The cast, from the VCR release.
They’re Still My Favorite Martians: The Cleo Caper
Reviewed and analyzed by Jeff Baker
Back in the glorious heyday of Saturday Morning cartoons and shows for kids, there was a spate of cartoons based on live-action prime-time TV shows. “The Brady Bunch,” “Lassie,” “Star Trek” (a classic!) and “I Dream of Jeannie” (as “Jeannie,” with Mark Hamill!) were among the series that got the animation treatment, complete with laugh tracks for the comedies.
Forgotten in the mix was production company Filmation’s adaption of “My Favorite Martian.” The original had run for three seasons starting in 1963. The animated version; “My Favorite Martians,” ran for a single season on CBS in 1973-’74 and was haphazardly on the schedule during 1974-’75. Well-written and funny it was surprisingly not a hit, maybe do to competition on the other networks. In it’s original timeslot it proceeded the animated “Jeannie,” which was the top-rated daytime show on the network that season!
“My Favorite Martians” may have been re-run on some cable stations (there are plenty of You Tube videos of the show taken off what look like broadcasts more recent than 1973) and there were two VHS tape releases of two episodes each, but no DVD releases yet of its 16 episodes.
In those days 16 episodes was the norm for a Saturday Morning kid’s show. The episodes would be re-run for the rest of the season and more than likely over the next season.
But “My Favorite Martians” is worth a re-examination at least.
The set-up is simple and is recapped in the opening theme song; Uncle Martin and his teen-age nephew Andy (“Two friendly Martians,” with “special powers”) and their Martian dog Oakie-Doakie (Kids show, remember?) get stuck on Earth when their spaceship makes a crash landing. The only witnesses, reporter Tim O’Hara and his teen-age niece Katy O’Hara take them in, pass them off as family and are the only ones in on the Martian’s true identity while Martin tries to repair the spaceship and Andy enrolls in Katy’s High School.

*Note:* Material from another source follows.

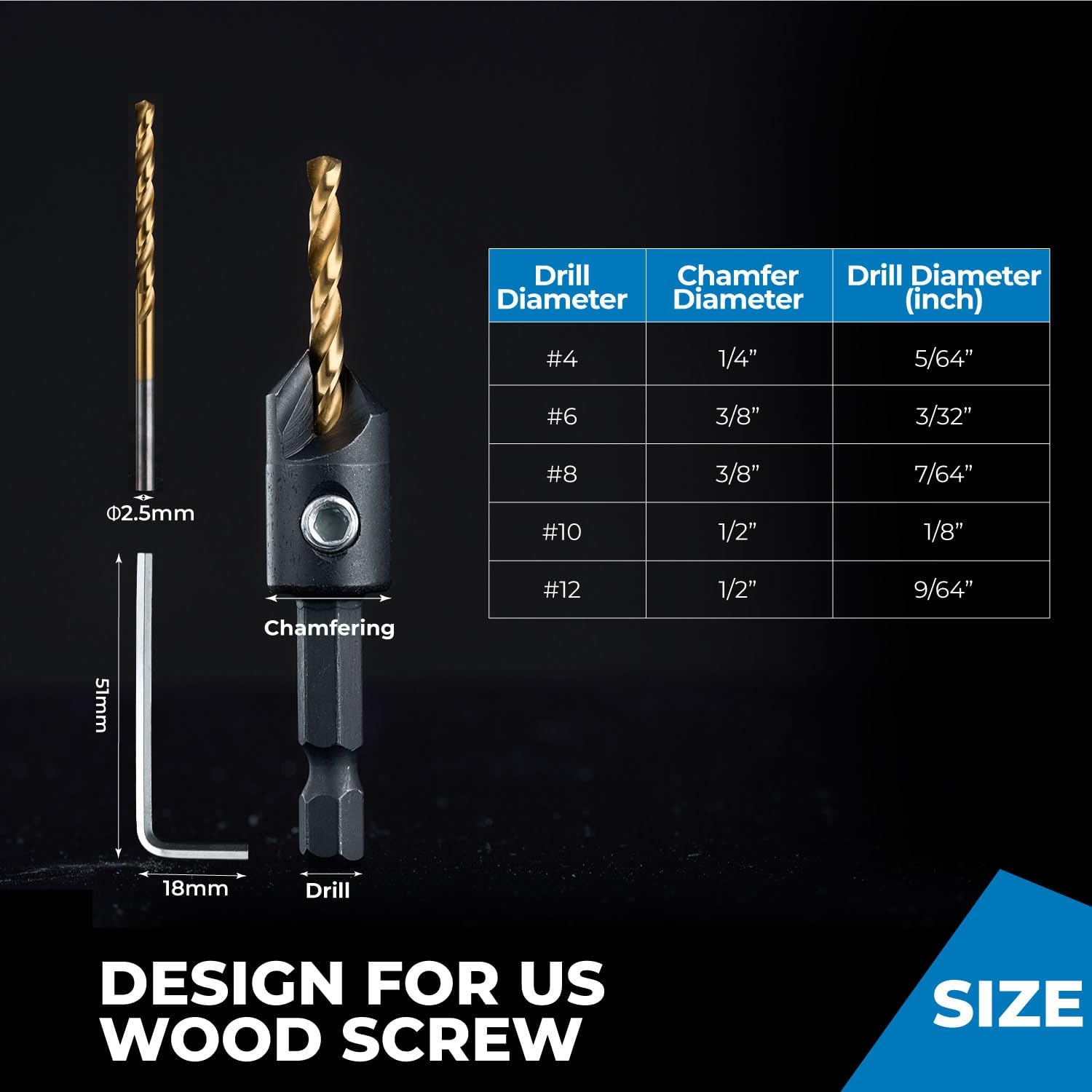 Toolant Countersink Drill Bit Set - 5 Pcs -7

And whatever possibly sad events caused Tim to be raising his niece are never touched upon.
The voice cast is just four actors: Jonathan Harris (as Martin), Lane Scheimer (as Andy), Jane Webb (as Katy) and Howard Morris (as Tim.) Morris and Webb also do the rest of the voices on the show. (Webb, by the way, was the first actress to play Sabrina the Teen-Age Witch voicing her and Aunt Hilda and Aunt Zelda in the original cartoon.)
And there’s a little of the feel of the earlier Sabrina/Archie cartoons (also Filmation productions) in “Martians,” except with sci-fi gimmicks and powers instead of magic, as well as many of the same sound effects.
In “The Cleo Caper,” Uncle Martin has built a time machine. Andy decides to use it to send Katy back in time to meet Cleopatra who they are studying in History class. Uncle Martin claims to have known her on one of his previous visits to Earth (“She was in love with me you know. Wanted me to rule Egypt with her.”)
Naturally, when the time machine brings Katy back it accidentally brings Cleopatra back with her.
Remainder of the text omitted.